The Browser points us to an interesting interview with Sophie Ratcliffe on PG Wodehouse:

It’s the quality of his style and his jokes. For instance, “She came leaping towards me like Lady Macbeth coming to get first hand news from the guest room.” Or, “[He] clasped her to his bosom, using the interlocking grip”. Or, “She looked like a tomato struggling for self-expression.” But even in quoting you miss something. You need them within the structure and rhythm of the stories themselves.

He worked and worked at his plots. The details came easily to him, and that was the sort of writing that he enjoyed, but the plotting was more difficult. He was always asking his friends for ideas about how to plot. But the work paid off. He also writes very good love stories. So I think it’s his exceptional style, and the sheer joy of stories which offer a world where things come right. They give us a little glimpse of Eden.

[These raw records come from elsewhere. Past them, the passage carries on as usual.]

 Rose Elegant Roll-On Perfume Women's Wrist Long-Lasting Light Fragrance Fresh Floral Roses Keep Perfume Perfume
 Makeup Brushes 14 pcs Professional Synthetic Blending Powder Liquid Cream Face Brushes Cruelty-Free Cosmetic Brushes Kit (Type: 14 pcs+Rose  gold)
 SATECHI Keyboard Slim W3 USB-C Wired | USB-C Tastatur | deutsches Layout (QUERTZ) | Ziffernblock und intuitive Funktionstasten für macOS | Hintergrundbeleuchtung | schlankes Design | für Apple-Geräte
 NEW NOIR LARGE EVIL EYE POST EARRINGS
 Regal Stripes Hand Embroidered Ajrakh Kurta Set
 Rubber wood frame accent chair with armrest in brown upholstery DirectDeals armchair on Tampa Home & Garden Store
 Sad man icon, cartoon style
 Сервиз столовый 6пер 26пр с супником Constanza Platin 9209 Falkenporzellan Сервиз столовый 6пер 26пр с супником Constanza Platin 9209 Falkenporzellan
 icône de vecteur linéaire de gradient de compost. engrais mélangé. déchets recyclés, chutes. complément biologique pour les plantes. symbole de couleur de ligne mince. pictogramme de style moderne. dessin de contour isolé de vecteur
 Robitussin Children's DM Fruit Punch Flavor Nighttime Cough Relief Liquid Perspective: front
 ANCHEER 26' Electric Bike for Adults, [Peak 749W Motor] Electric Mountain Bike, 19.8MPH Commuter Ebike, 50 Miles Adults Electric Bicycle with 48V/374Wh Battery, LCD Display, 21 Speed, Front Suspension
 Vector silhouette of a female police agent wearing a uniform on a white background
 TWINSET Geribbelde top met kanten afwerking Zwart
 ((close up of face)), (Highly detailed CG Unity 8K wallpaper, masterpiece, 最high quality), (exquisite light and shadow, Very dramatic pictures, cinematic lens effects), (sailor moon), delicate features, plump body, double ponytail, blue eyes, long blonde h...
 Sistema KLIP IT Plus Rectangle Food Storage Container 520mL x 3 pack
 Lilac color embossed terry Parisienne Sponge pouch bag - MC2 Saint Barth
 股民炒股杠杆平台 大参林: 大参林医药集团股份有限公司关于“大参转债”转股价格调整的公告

Just in case you were wondering why the writing of PG Wodehouse and Raymond Chandler somehow echo each other, the answer is simple. They both attended Dulwich College in London, both did well in Greek and Latin, and they both were there under had headmaster Arthur Herman Gilkes who loved fine writing.

This BBC piece looks at the similarities.

And here is an interesting Salon piece on Raymond Chandler and his life and work:

What matters is not how Chandler was similar to Hammett, or, more important, to the now-forgotten hacks of the 1930s pulps, but how he was different. His prose, for instance — the tight, swift rhythm and sentences that careen toward the end of paragraphs with a closer that stings like a slap in the face.

Hacks don’t write with Chandler’s kind of precision. That’s why they are hacks. Chandler’s prose was the perfect vehicle for the suspense story that he more than anyone else perfected if not actually invented — the kind driven more by atmosphere and the baser side of human nature than by plot.

Which is why, in the end, most of Chandler’s critics tend to be either wrong or irrelevant. About 10 years ago, Martin Amis, in the New York Times, wittily dismissed Chandler as dated, and on a superficial level he was probably right. But if that really mattered, why would Chandler continue to be read more than 60 years after his first book? We shall see if Mr. Amis dates so well in a fraction of that time…

Most years I re-read the Chandler stories. A nice way to pass the time in rainy August.